The US State Department revoked his visa in response. _

Donald Trump’s attacks on Gustavo Petro are nothing new. Petro was
even a target of Trump’s ire before he became president of Colombia.
, Michael Nagle / Bloomberg via Getty Images

 

The US Department of State published a tweet on Friday night stating
its plans to revoke the visa of Colombian president Gustavo Petro due
to his “reckless and incendiary actions” on his visit to New York
City during the United Nations General Assembly. The actions in
question were accompanying Pink Floyd singer Roger Waters to a protest
in solidarity with Palestine outside the UN and speaking
[[link removed]] at the rally.
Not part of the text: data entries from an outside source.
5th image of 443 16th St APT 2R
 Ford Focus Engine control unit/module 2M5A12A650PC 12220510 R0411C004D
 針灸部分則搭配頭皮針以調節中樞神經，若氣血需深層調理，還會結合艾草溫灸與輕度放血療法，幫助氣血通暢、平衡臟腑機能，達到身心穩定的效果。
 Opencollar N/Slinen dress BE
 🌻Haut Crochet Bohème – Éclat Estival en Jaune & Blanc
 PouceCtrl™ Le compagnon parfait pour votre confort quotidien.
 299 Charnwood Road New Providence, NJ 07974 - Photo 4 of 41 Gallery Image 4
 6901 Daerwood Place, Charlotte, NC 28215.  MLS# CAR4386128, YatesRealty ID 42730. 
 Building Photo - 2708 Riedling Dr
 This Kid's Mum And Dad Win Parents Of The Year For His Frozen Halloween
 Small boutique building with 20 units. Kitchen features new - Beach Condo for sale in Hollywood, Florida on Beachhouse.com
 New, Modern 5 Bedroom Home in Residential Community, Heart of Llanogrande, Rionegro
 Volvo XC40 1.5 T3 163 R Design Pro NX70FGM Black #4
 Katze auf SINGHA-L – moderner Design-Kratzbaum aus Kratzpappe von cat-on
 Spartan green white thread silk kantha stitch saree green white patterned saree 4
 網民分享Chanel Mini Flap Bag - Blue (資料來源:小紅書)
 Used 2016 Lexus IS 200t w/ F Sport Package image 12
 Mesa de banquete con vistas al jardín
Petro
didn’t mince words, stating that “human history has shown us
across millennia that when diplomacy ends, we must pass to a different
stage of struggle. What is happening in Gaza is a genocide. There’s
no need to call it anything else. Its objective is to eliminate the
Palestinian people.” He also called on “soldiers of the army of
the United States not to point their guns at people” and to
“disobey the orders of Trump, obey the orders of humanity.”

 

The short intervention put Petro in the same club as Colombian author
and Nobel Prize winner Gabriel García Márquez, who similarly had his
visa revoked in 1984 due to his support for liberation movements in
Latin America. However, for an acting head of state, the action is
exceedingly rare. (What are possibly the only two precedents also
involve Palestine and Colombia: the cancellation of the visa of the
Palestinian Authority’s Mahmoud Abbas just ahead of this year’s
assembly and the revocation of Colombian president Ernesto Samper’s
visa during the Clinton administration, after members of his campaign
were found to have accepted contributions from the Cali Cartel). Even
leaders who have vehemently opposed US imperialist foreign policy,
like Hugo Chávez, Fidel Castro, and Muammar Gaddafi, never received
the same treatment and were allowed to participate in the UN General
Assembly and engage with supporters in the United States.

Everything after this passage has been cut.